Yes, extending the Button is a potential workaround, but as I mentioned we can't do it like that on framework level. Even if we ignore the potential performance hit and the problem with multiple listeners (I would personally deem that use case more common than this problem situation here), a solution like that would also break the use case where something completely unrelated to the button triggers a modal window on the server side just when you are clicking on the client side.
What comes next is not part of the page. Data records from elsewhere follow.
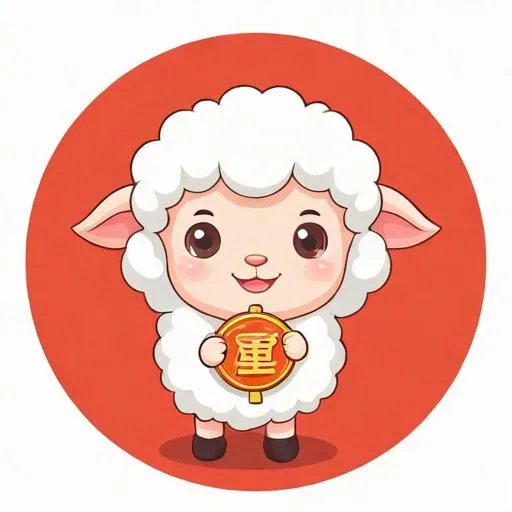 属羊用什么微信头像 带来好运  第1张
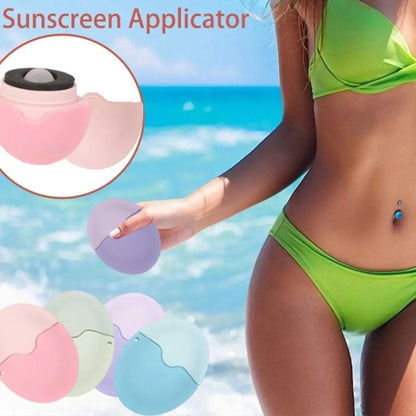 🌞 Silicone Suncream Roller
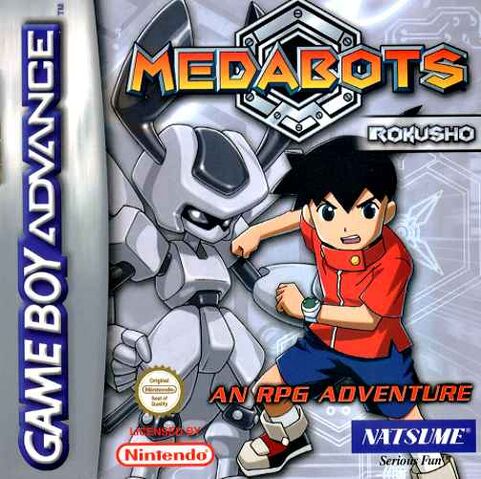 File:Medabots Rokusho Version Cover.jpg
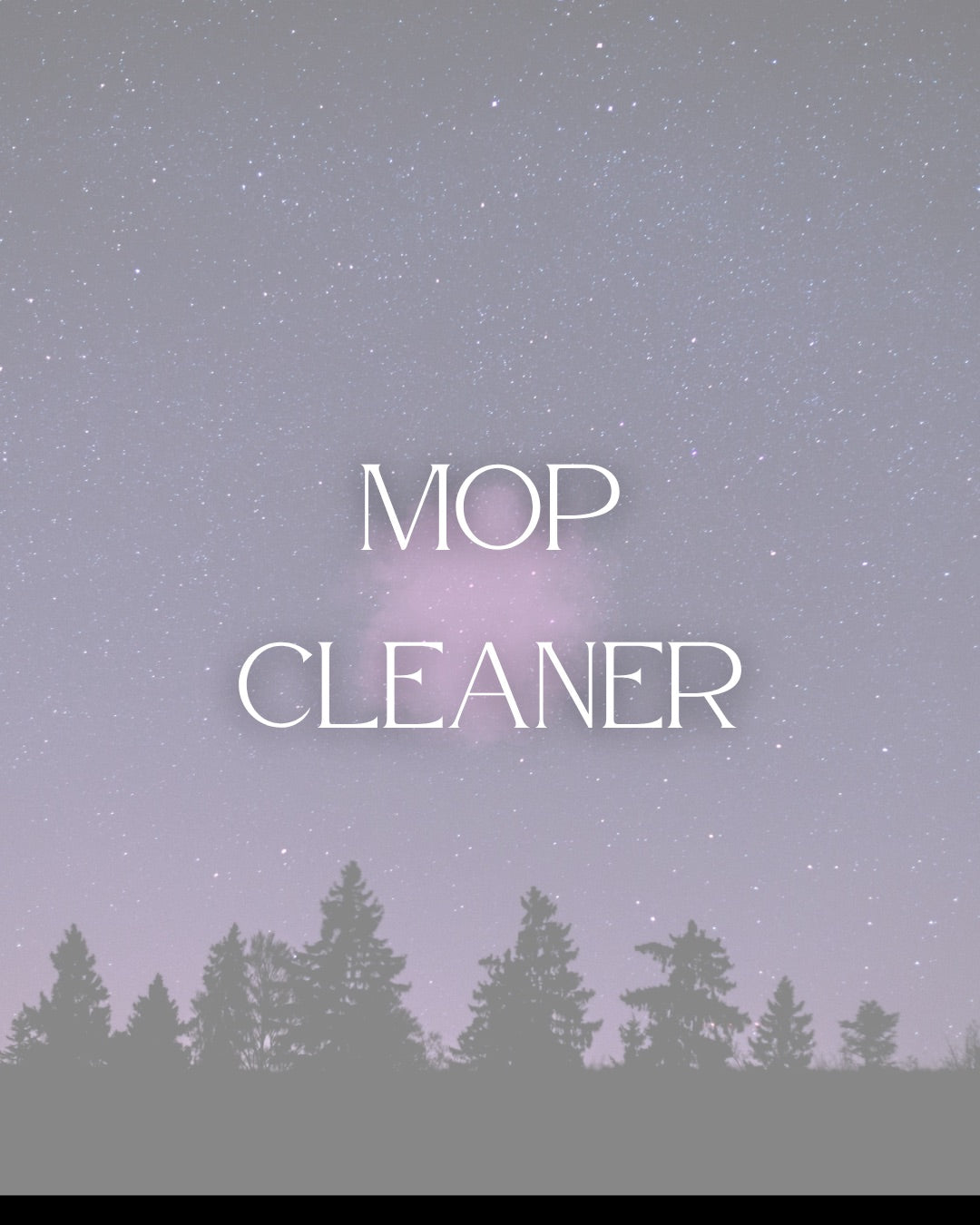 Mop Soap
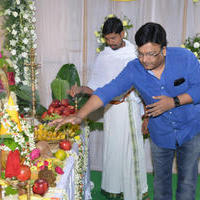 Ram Charan and Srinu Vaitla Movie Opening Photos | Picture 981677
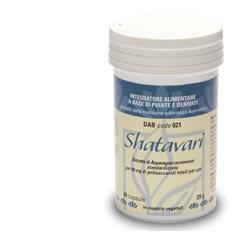 SHATAVARI+ DAB 021 60 CAPSULE - dottorbianchi.it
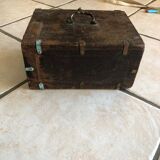 Indian wooden treasure box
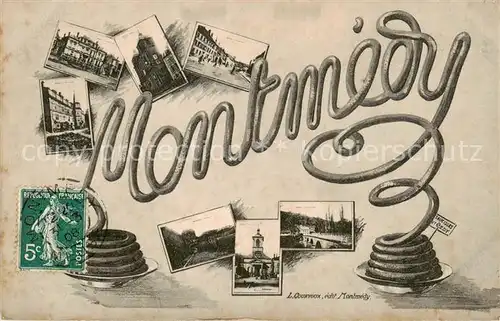 AK / Ansichtskarte Montmedy_55_Meuse Vue d ensemble 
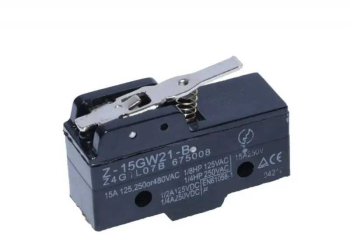 MICRO SWITCH cu tija scurta 40mm Cursa de actiune 8mm 49x18x29/35mm Z-15GW21-B 15A 125 /250 /480VAC 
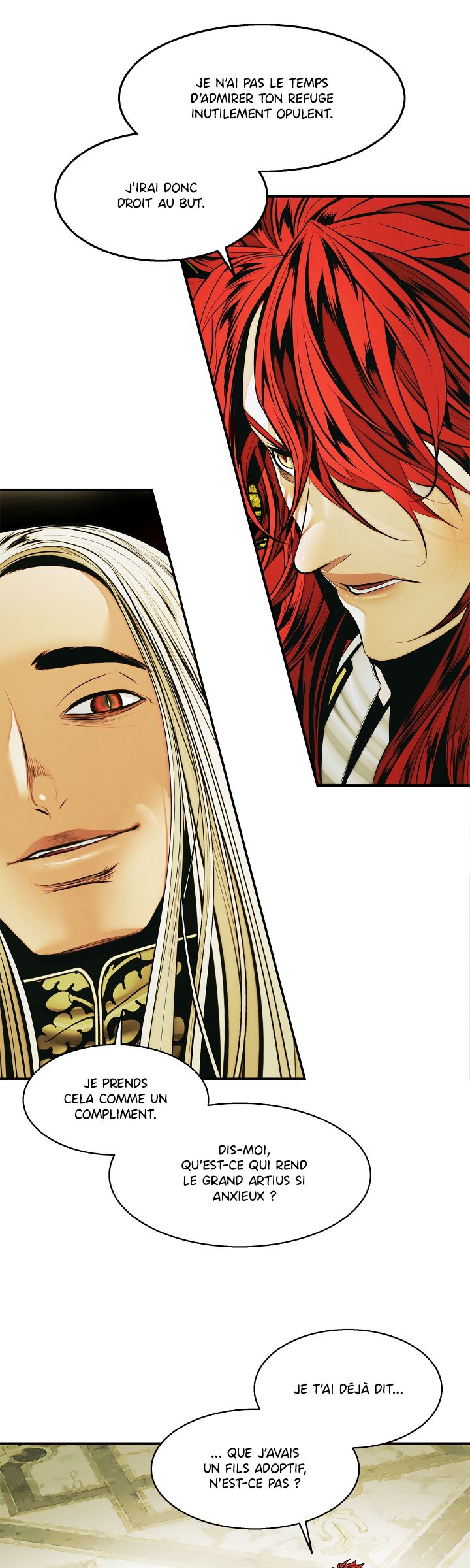 Mookhyang: Dark Lady Chapitre 221 - Page 22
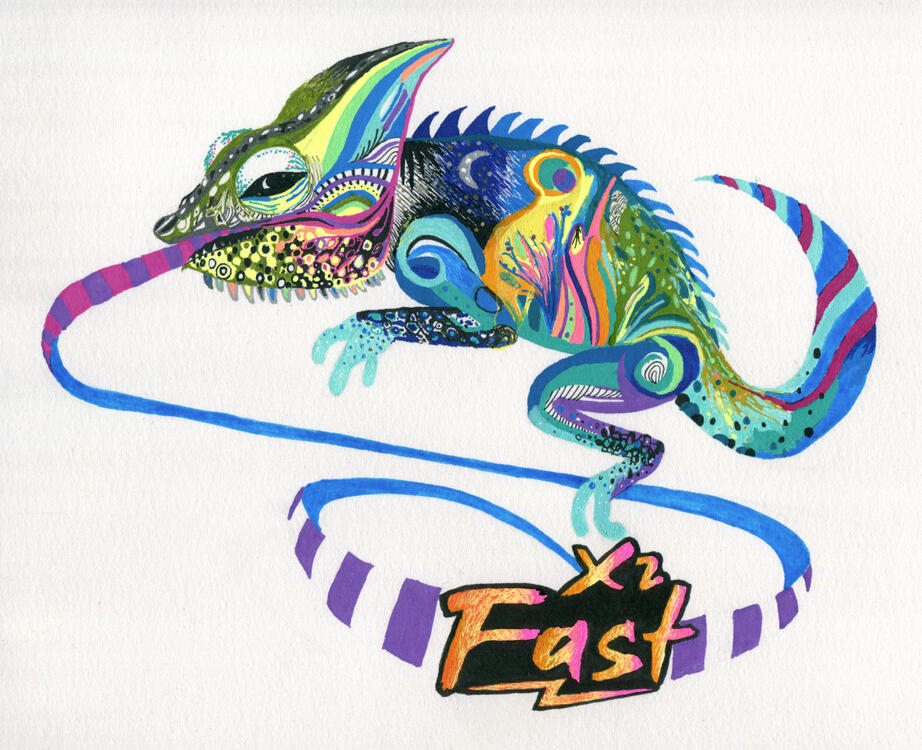 2025; Fineliners on Hot-Pressed Watercolour paper.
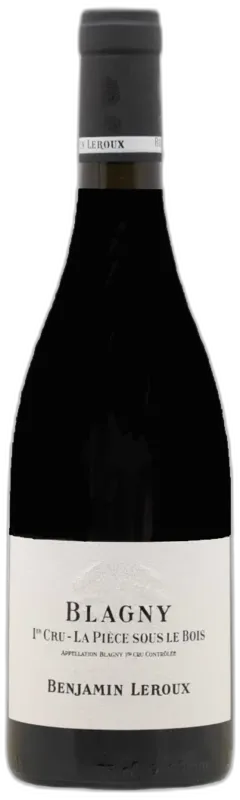 photo du vin Blagny 1er Cru la Pièce Sous le Bois Domaine Benjamin Leroux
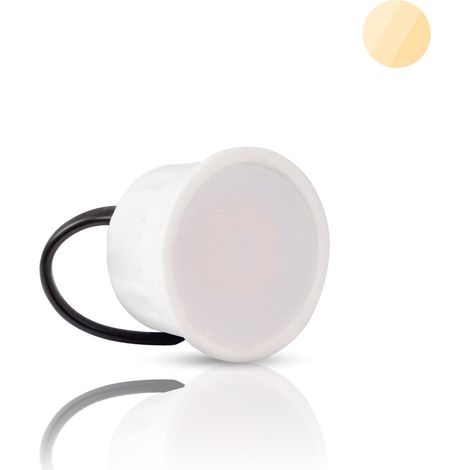 LED Modul 230V 3W 35mm Ersatz für GU4/MR11 - Lichtfarbe: Warmweiß 2700K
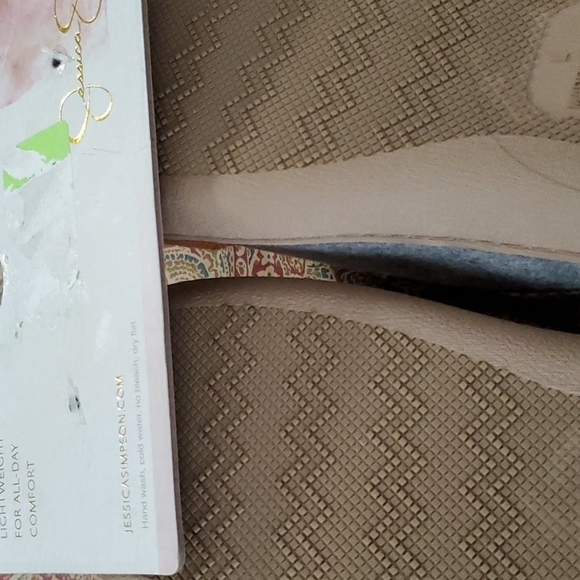 🍒 JESSICA SIMPSON GRAY SLIPPERS - Picture 7 of 12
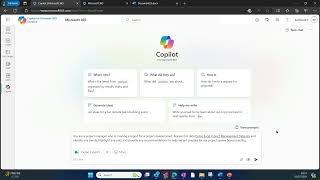 Analyse Excel Data in Copilot Chat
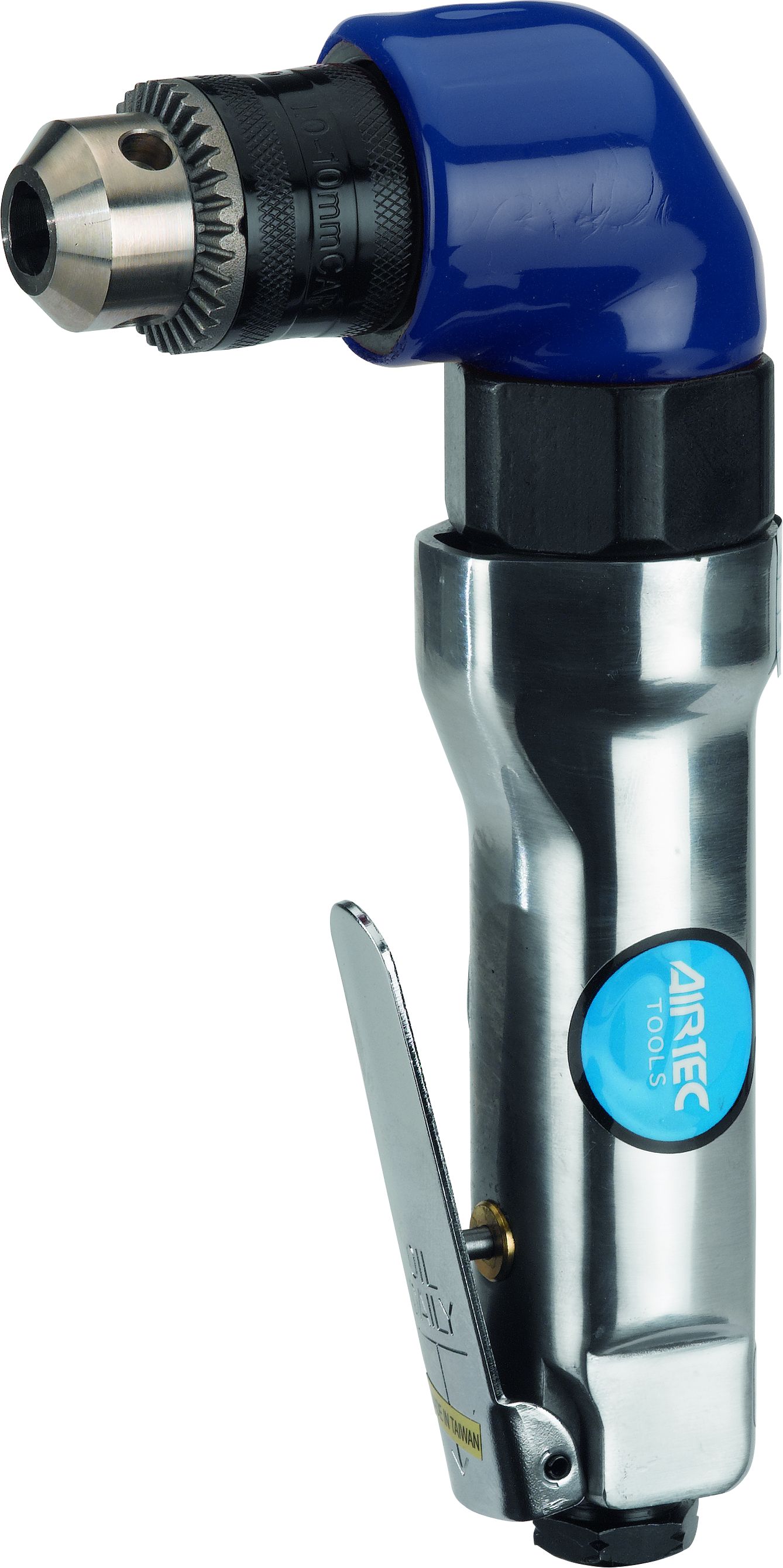 493 - Angle drill with 10 mm key chuck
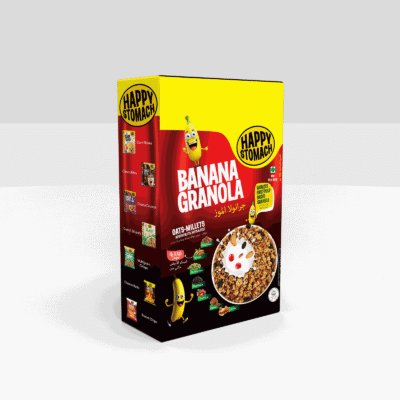 Banana Granola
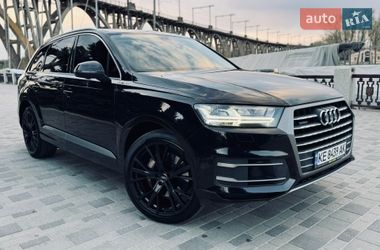 Позашляховик / Кросовер Audi Q7 2016 в Дніпрі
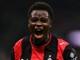 Milan-Bologna, Theate, che disastro: Cissè ringrazia e fa 1-1 Milan-Bologna, Theate, che disastro: Cissè ringrazia e fa 1-1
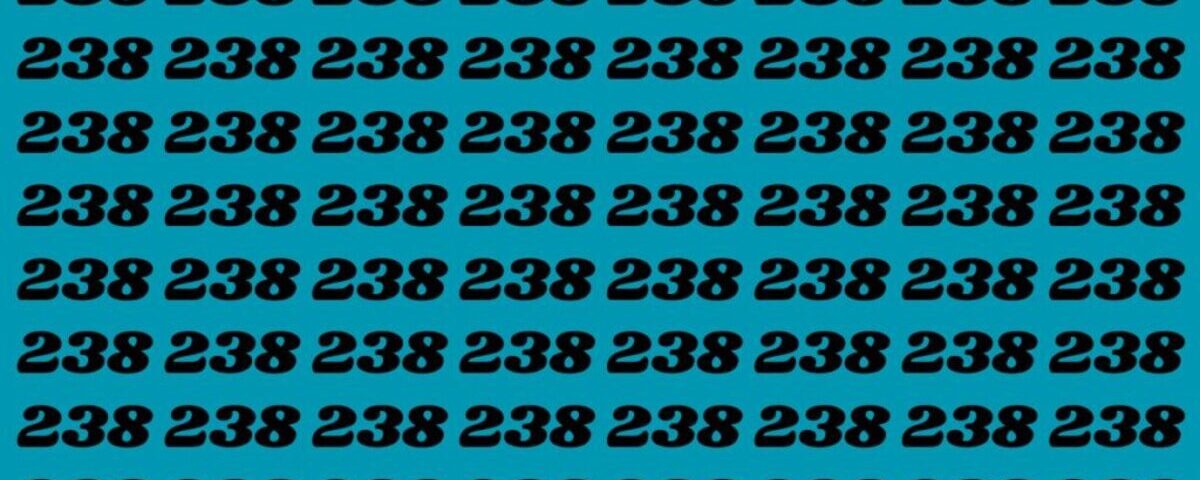 Défi visuel : trouvez le 288 caché en 20 secondes et testez votre acuité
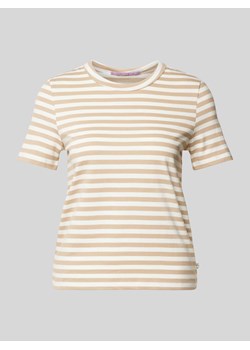 T-shirt w paski ze sklepu Peek&Cloppenburg  w kategorii Bluzki damskie - zdjęcie 173032274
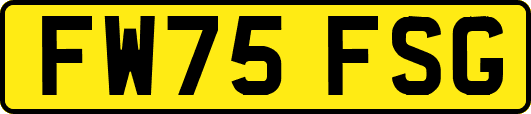 FW75FSG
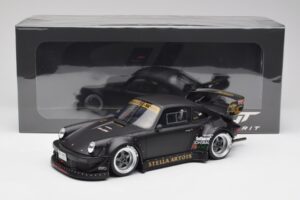 Porsche 911 964 RWB Stella Artois Bumper Delete GT Spirit 1:18 GT918 Resin – Bild 6 von 6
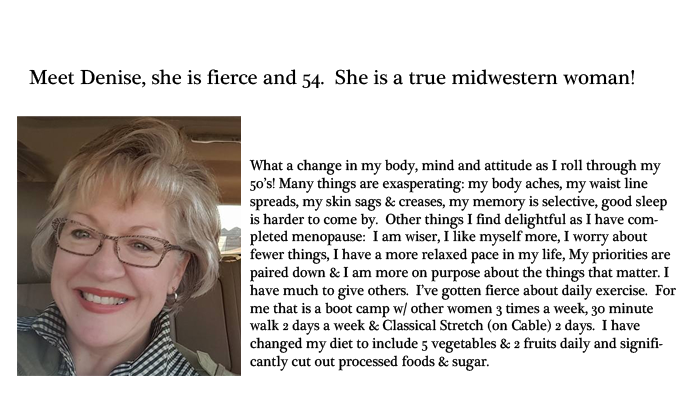 Forever Fierce Day - What does it Mean to be Fierce at Midlife?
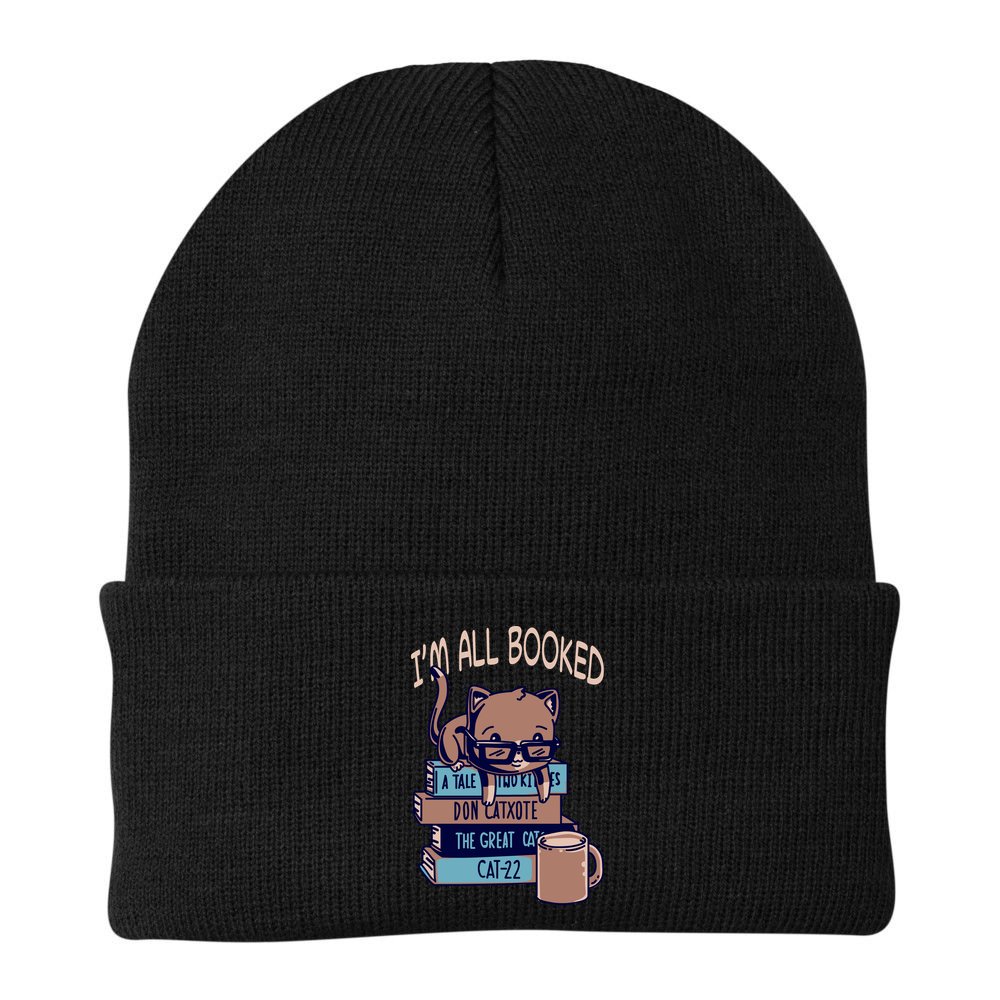 I'm All Booked Beanie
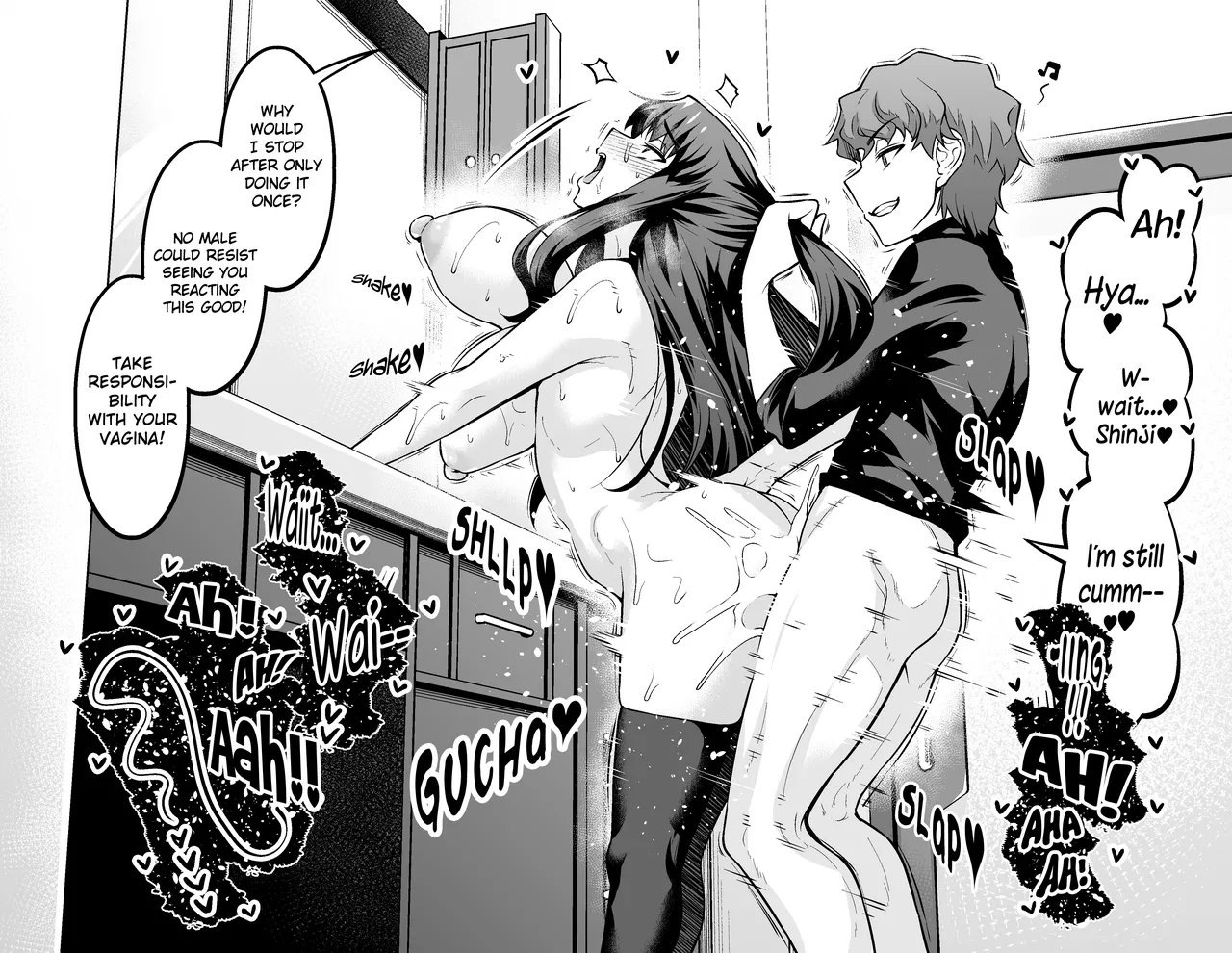 Saoyaku Shinji ga Saber-tachi to Yarimakuru Hon Chapter 1 - page 32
If I click a button that says 'Save changes' and a heartbeat later a modal window appears to inform me about something completely unrelated (say, a warning that my session is about to expire), I would definitely assume that my changes did in fact get saved regardless and be very upset if they didn't. In some applications the freshly added modal window might even get automatically closed before the modality curtain is ever applied to the client-side (e.g. because the recent button click makes the session expiration warning unnecessary), at which point the server-side block would just silently eat your click event with no hint given to you on what's going on. Both of these problem situations would be far worse than this current problem, and much more difficult to work around.